Professional services jobs are not like thatconsultants and lawyers have a lot of autonomy and tend to work independently. The difficulty is that clients pay large amounts of money to firms for deal-related advice – often running into millions of dollars. In return, they expect high levels of service delivered seamlessly and without delay.

This has always involved working on deals late or on weekends. But technology and globalisation have now lowered the barriers to working around the clock routinely. A banker or consultant is always available to be pulled into a conference call in any timezone.

“It is not enough for your health to limit your work stress. You also need to control your time strain,” says Professor Phyllis Moen at the University of Minnesota. The easiest way for senior bankers or lawyers to do that is by handing out-of-hours work over to juniors and disrupting their lives instead.

Many junior bankers end up working in the evening because a partner who has been out pitching to potential clients all day returns to the bank late in the afternoon, and tells them to prepare a document immediately based on the sortie. Although they have been at their desks for hours, they start to work intensively only then.

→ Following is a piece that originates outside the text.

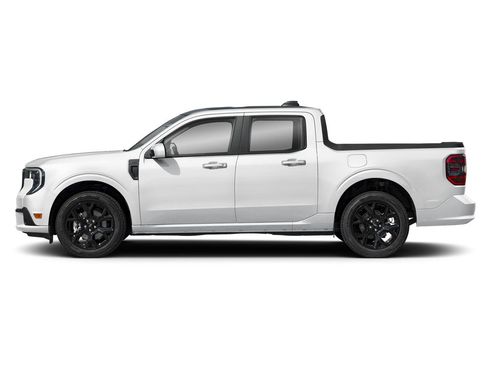 New 2026 Ford Maverick Lobo AWD/4WD image 4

The good news is that this method of organising work is inefficient and thus ripe for reform. The bad news is that many lawyers or bankers do not care much about that. Not only do they feel, like senior doctors, that they too were juniors once and this generation deserves to suffer equally, but the status quo is easier for them.

It is thus tougher to change than declaring officially that juniors really ought not to work so hard. “If you simply tell people not to work on Tuesday nights, they will work on Saturdays instead,” says Grant Freeland, a senior partner of Boston Consulting Group. “You must fix the whole organisation, not just individual behaviour.”

BCG has instituted a policy of giving its employees predictable times off – an evening or a day at the weekend when they will not be contacted and they can switch off the phone. It hardly sounds like a revolution to place some border between work and home but, for many firms, it is.